* [INSTRUCTIONS TO FOLLOW] Within the entries below, output exactly the lines between the line containing "Truedames Sexy Metallic Prom Dress In Gray" and the line containing "1- NEW! 3M 8293", inclusive, and omit any picture.

======== RECORDS TO USE

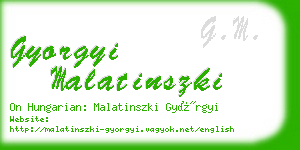 gyorgyi malatinszki business card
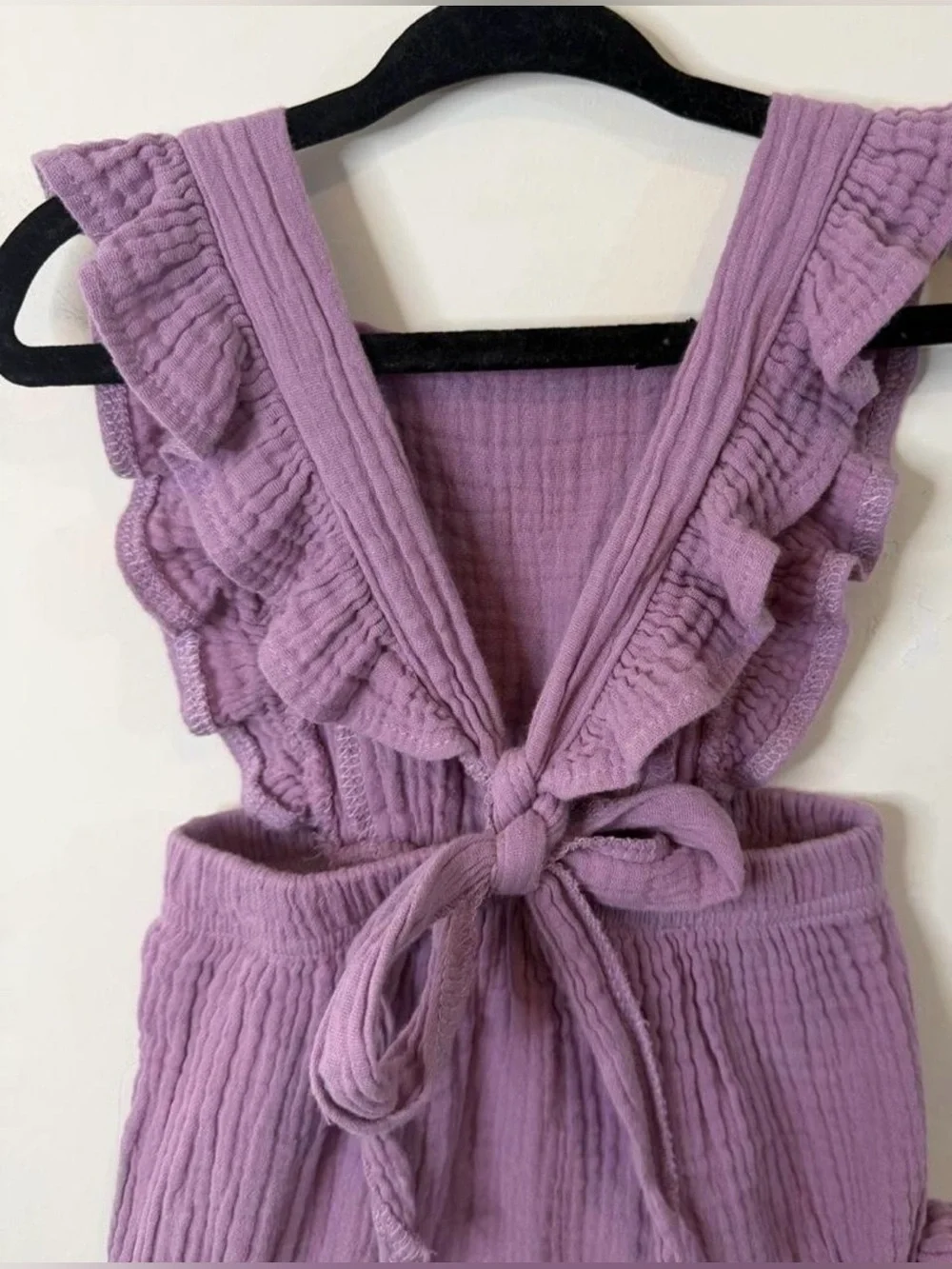 Reverie Threads Sofia Romper Violet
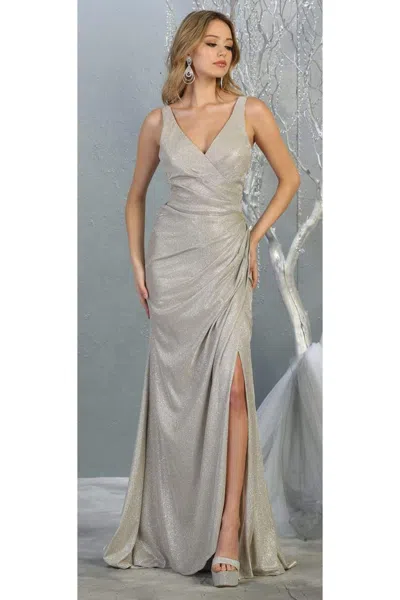 Truedames Sexy Metallic Prom Dress In Gray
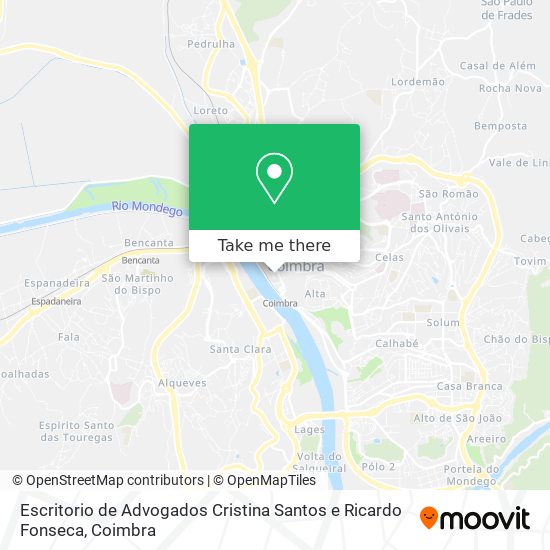 Escritorio de Advogados Cristina Santos e Ricardo Fonseca map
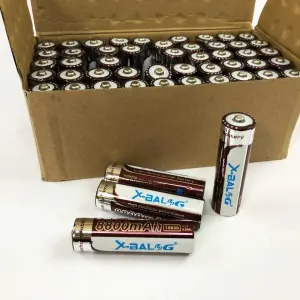 Литиевый аккумулятор 18650 X-Balog 8800mAh 4.2V Li-ion литиевая аккумуляторная батарейка для фонариков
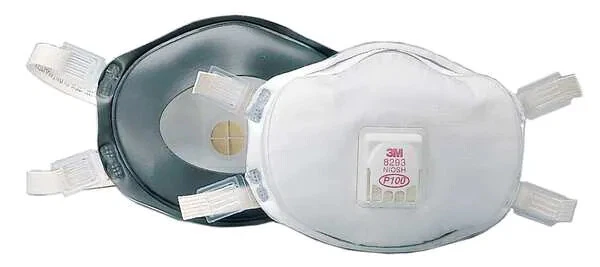 1- NEW! 3M 8293 P100 Particulate Respirator Face Mask Cool Flow Exhalation Valve - Image 4 of 4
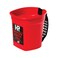Handy Paint Pail Holds 32fl oz of Paint or Stain Efficient for Cleanups and Quick Color Changes with Integrated Magnetic Brush Holder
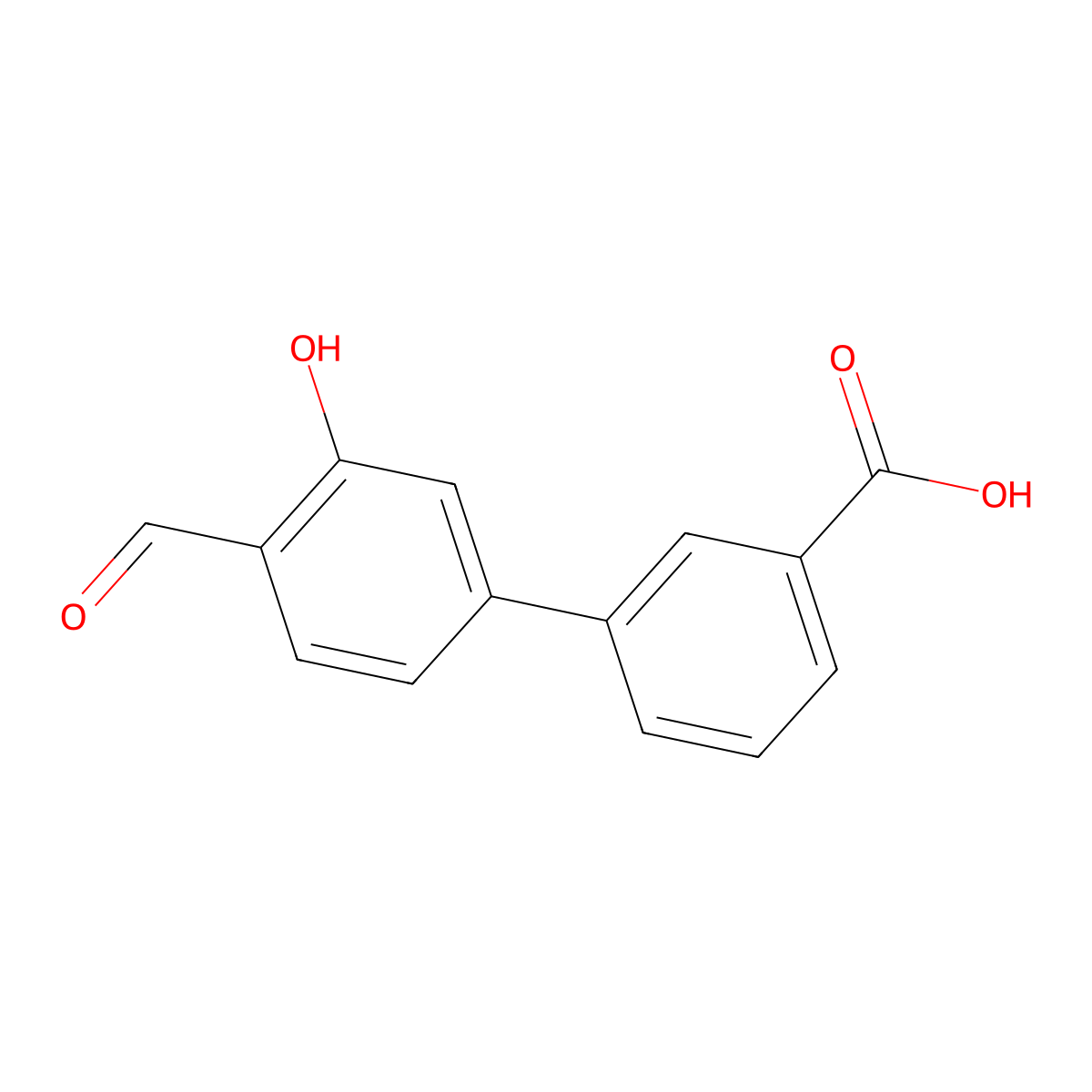 5-(3-Carboxyphenyl)-2-formylphenol molecular structure, CAS 1261995-01-0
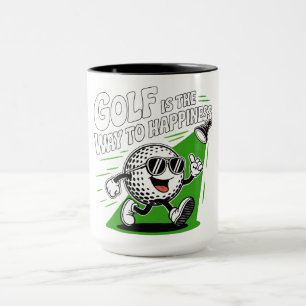 Mug Le golf est la voie vers le bonheur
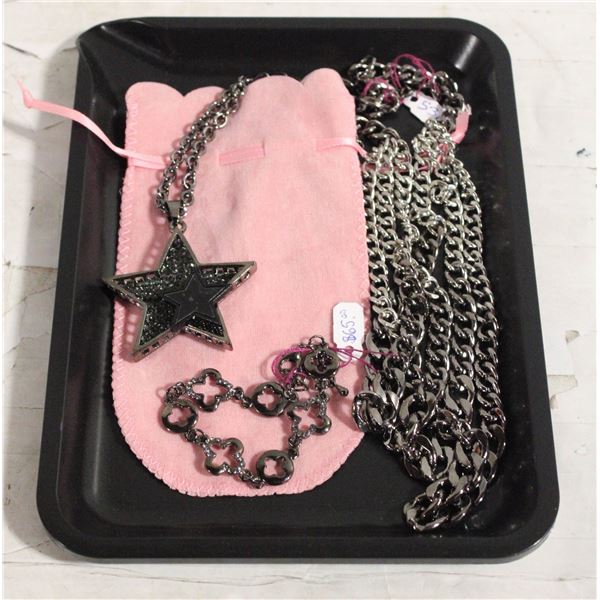 NEW BLACK TRAY WITH NEW JEWELRY PIECES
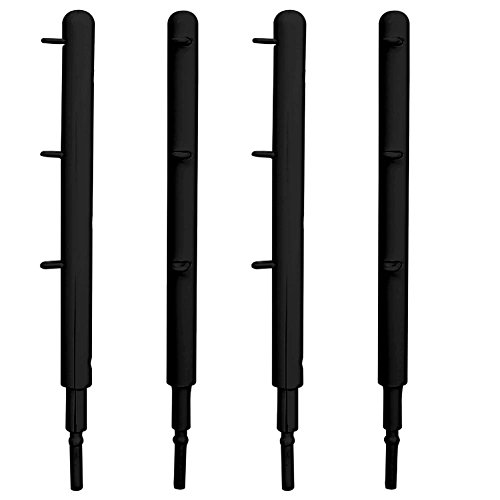 Figures Toy Company Set of 4 Metal Black Ring Posts Wrestling Ring for Action Figures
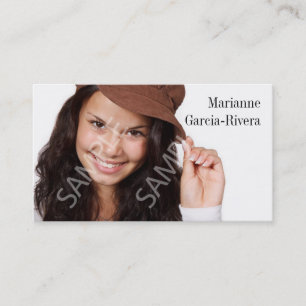 Actor Subtle Floral Headshot Business Card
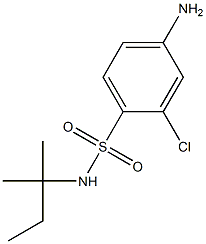 4-amino-2-chloro-N-(2-methylbutan-2-yl)benzene-1-sulfonamide Struktur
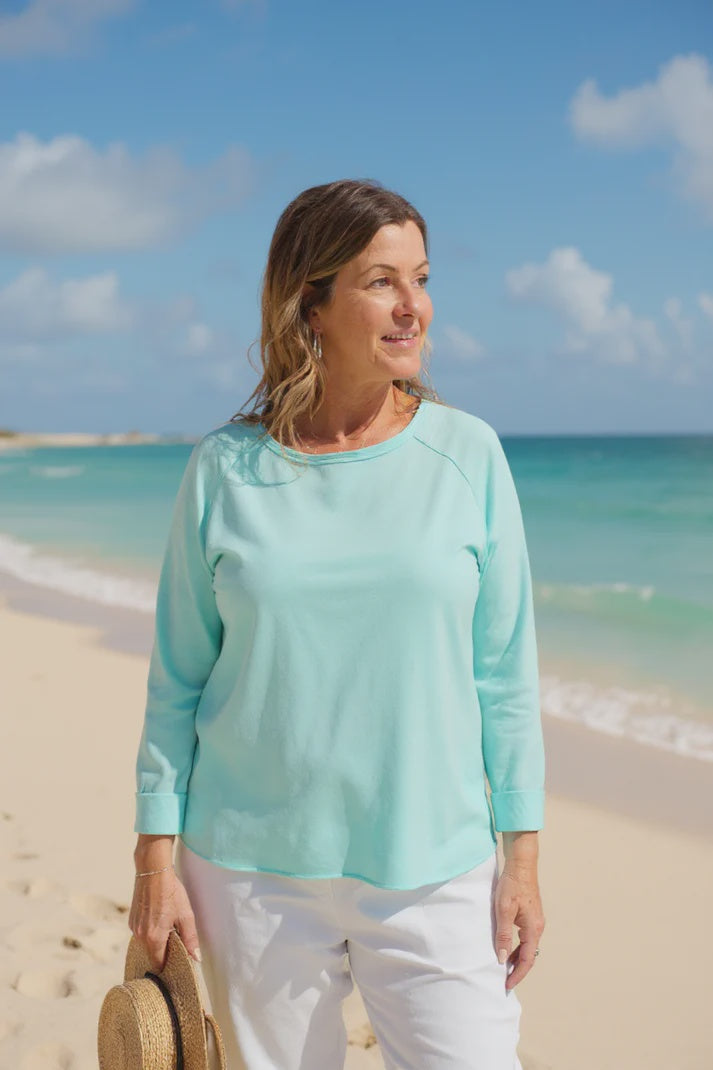 Turquoise Crewneck Sweater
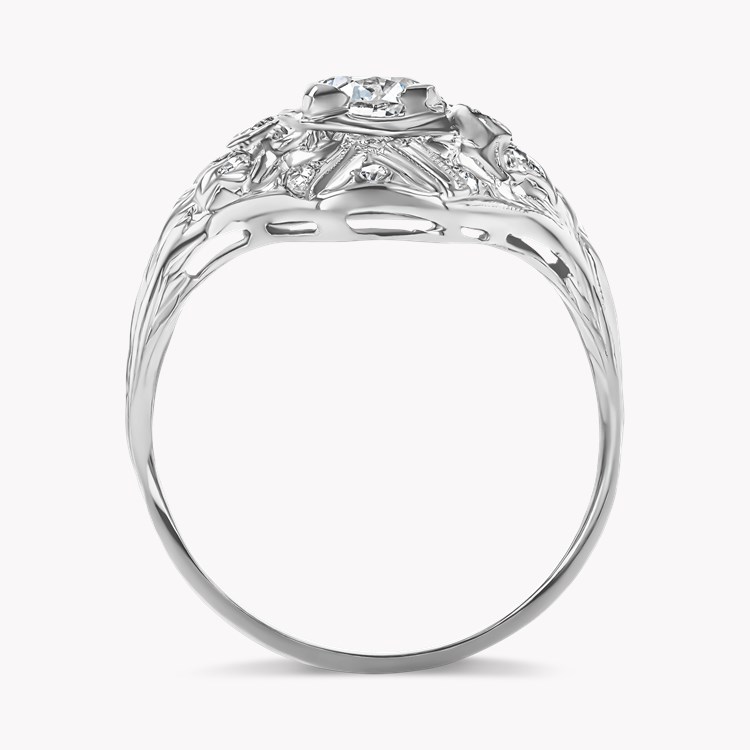 Old European Cut Diamond Cluster Ring Old European Cut, Claw Set_3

================

* [EXPECTED OUTPUT]
 Truedames Sexy Metallic Prom Dress In Gray
 Escritorio de Advogados Cristina Santos e Ricardo Fonseca map
 Литиевый аккумулятор 18650 X-Balog 8800mAh 4.2V Li-ion литиевая аккумуляторная батарейка для фонариков
 1- NEW! 3M 8293 P100 Particulate Respirator Face Mask Cool Flow Exhalation Valve - Image 4 of 4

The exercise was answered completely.